UK inflation for October bounced to 2.3%, up from September’s 1.7% and above the expectations of 2.2%.
While the inflation reading came in higher than anticipated, last week’s UK GDP figures were below expectations for the third quarter, with growth of 0.1% falling below analysts’ expectations of 0.2%.
Much of the inflation increase for October was due to an increase in energy prices, which Neil Birrell, chief investment officer at Premier Miton Investors, said was expected.
“UK inflation was slightly higher than expected in October, although not by enough to be concerning, as higher energy costs kicked in,” Birrell said.
“However, if we do see food prices rising as well, the rather stagnant economy could come under more pressure, so attention will focus on the Bank of England’s policy approach. It’s an uncertain period for the economy as we head rapidly towards the Christmas shopping season.”
On 7 November, the Bank of England opted to cut rates for the second time this year by 25 basis points to 4.75%. The cut prompted some concern from markets, with some expecting Rachel Reeves’s Autumn Budget to cause an increase in inflation.
Lindsay James, investment strategist at Quilter Investors, said: “The Bank of England opted to cut rates again at its latest monetary policy meeting, but with inflation, wage growth and unemployment all on the rise, while stalling GDP continues to highlight the malaise the UK finds itself in, the pace of future cuts is looking much less certain. Expectations for further cuts have been scaled back considerably, with rates expected to remain above 4% throughout 2025.
“This is a clear reminder that short term inflationary pulses may return, potentially caused by factors such as obstacles to trade, labour market tightness, taxation and volatility in food and energy prices. Whether October’s uptick in inflation proves to be just a blip remains to be seen, however it seems more likely that the Bank may err on the side of caution in coming months as a growing list of inflationary risks emerge on the horizon.”
The Bank of England will hold its final monetary policy committee meeting on 19 December, and resume in 2025 on 6 February.

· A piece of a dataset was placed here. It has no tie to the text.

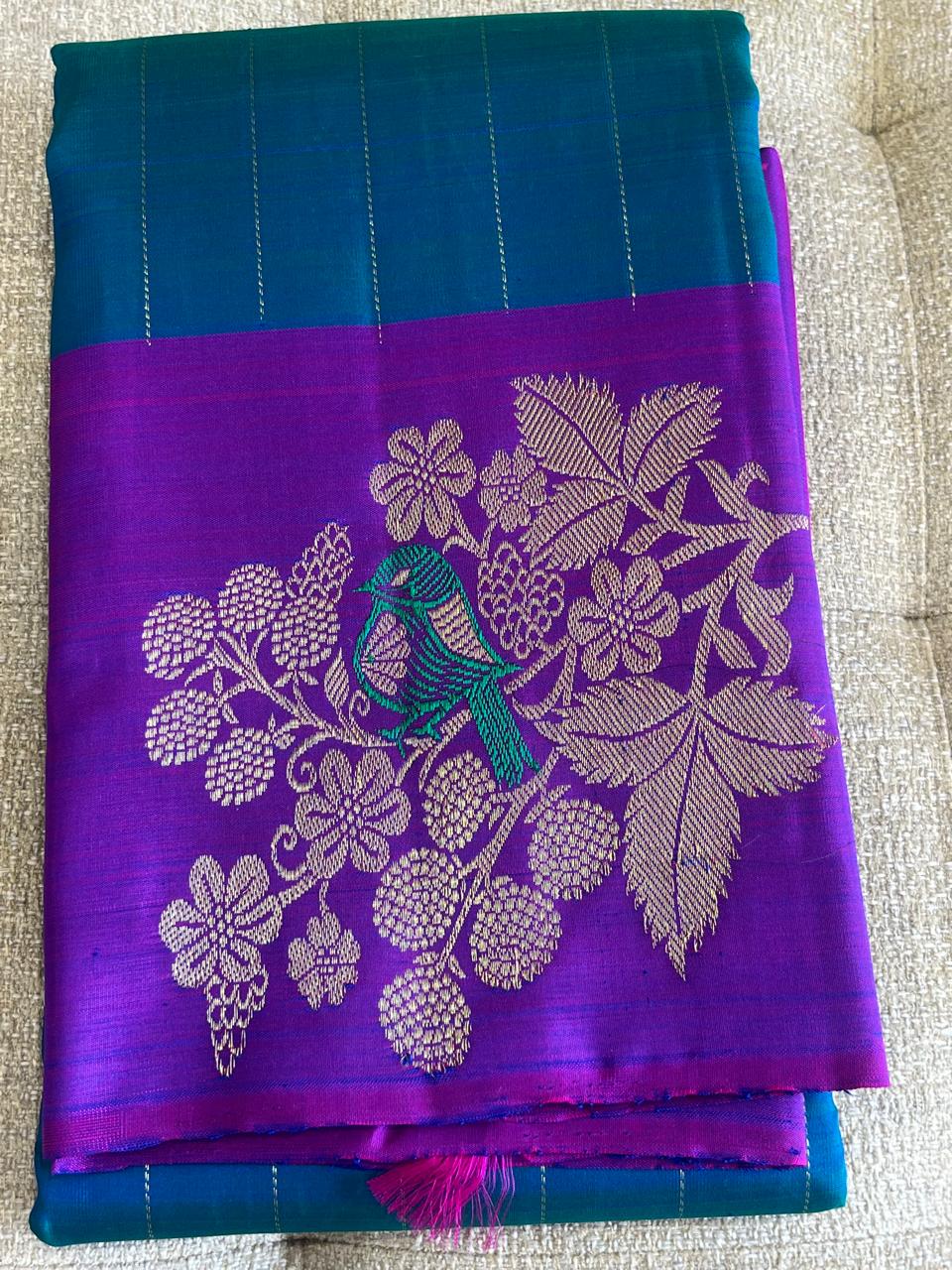 Chiriya: Teal Kanjeevaram with Threadwork Bird Motifs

Patrick O’Donnell, senior investment strategist at Omnis Investments, believes the economic situation in the UK has created an attractive environment for investing in bonds.
“Coming in at 2.3% y/y, it is 0.1pp lower than the MPC had forecast at the August Monetary Policy Report. However, things have moved on a bit since then, with Rachel Reeves’ budget and a Red Sweep in the US, leading to a significant repricing of UK Gilt yields higher,” O’Donnell said.
“While there will be upward pressure on UK inflation from an aggressive tariff policy, there will also be a negative growth impulse, so with only two 25bps cuts priced by the middle of next year and another one by the end of 2025, we feel that bond yields look attractive into 2025.”